Dans les prochaines semaines, le gouvernement doit rendre ses derniers arbitrages concernant la place de la forêt dans la planification écologique.
Nous, scientifiques, acteurs de la filière forêt-bois, responsables associatifs, appelons à une refonte de notre politique forestière pour l’adapter aux enjeux des urgences climatiques et de préservation de la biodiversité. Nos forêts souffrent des premiers effets du changement climatique, mais, au-delà de ce constat partagé, le gouvernement peine à fixer un cap clair.
Dans un contexte où l’incertitude est en train de devenir la norme, il existe deux grands types de stratégies : faire le pari de mesures drastiques, au risque d’aggraver la crise en créant des maladaptations, ou bien adopter des mesures « sans regret » plus prudentes, qui, même si elles n’atteignent pas complètement leurs objectifs, n’auront pas d’effets négatifs. Les premiers éléments dévoilés par le gouvernement concernant la place de la forêt dans la planification écologique sont inquiétants.

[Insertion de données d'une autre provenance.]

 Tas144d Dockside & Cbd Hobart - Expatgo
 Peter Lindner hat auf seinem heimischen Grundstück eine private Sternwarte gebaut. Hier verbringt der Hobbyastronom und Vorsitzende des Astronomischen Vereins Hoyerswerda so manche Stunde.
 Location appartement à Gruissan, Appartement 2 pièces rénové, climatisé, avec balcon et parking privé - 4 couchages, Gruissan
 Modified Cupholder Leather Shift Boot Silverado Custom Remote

Alors que le puits de carbone forestier est en chute, cette tendance pourrait être aggravée par l’objectif, qui reste central, d’augmenter massivement la récolte de bois. Il ne sera pas possible de satisfaire tous les besoins en biomasse énergie sans une politique forte de réduction des consommations. Nous ne devons pas mettre à contribution les forêts sans arbitrages clairs sur de nouveaux usages énergétiques, comme remplacer le charbon de nos centrales thermiques par du bois ou faire voler les avions avec des biocarburants à base de bois.

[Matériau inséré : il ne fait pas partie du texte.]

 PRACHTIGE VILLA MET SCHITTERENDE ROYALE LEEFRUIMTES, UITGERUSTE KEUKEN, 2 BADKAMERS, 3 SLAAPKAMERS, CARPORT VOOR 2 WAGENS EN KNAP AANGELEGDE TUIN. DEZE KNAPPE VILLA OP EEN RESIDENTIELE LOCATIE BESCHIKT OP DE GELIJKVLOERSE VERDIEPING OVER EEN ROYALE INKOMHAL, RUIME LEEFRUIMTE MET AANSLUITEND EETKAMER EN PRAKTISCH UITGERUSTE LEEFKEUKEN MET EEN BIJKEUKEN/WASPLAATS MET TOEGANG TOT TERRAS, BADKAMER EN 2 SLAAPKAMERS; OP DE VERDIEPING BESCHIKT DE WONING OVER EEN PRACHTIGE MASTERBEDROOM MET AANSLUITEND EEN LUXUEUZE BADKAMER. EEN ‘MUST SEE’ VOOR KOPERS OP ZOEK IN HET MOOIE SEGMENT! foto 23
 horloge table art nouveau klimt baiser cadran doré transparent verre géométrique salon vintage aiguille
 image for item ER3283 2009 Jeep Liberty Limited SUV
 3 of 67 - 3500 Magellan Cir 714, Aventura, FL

Le virage à prendre n’est pas celui de récolter plus de bois, mais de récolter mieux en s’appuyant sur les apports de la science et l’expérience accumulée par les gestionnaires de terrain. Ce que nous attendons de la planification écologique est de sortir du déni : toutes les sylvicultures ne se valent pas. Certaines pratiques sont à abandonner, d’autres à faire évoluer et d’autres à encourager.
Les grandes coupes rases, en particulier, font l’objet d’une remise en cause croissante. Il y a presque un an, un rapport d’expertise scientifique collective a été remis au gouvernement, appelant à mieux encadrer cette pratique controversée qui peut être dommageable au bon fonctionnement des écosystèmes et des sols. Des recommandations qui sont restées sans suite. Pire, face aux dépérissements qui se multiplient, le changement d’essences par coupe rase puis plantation semble occulter toutes les autres.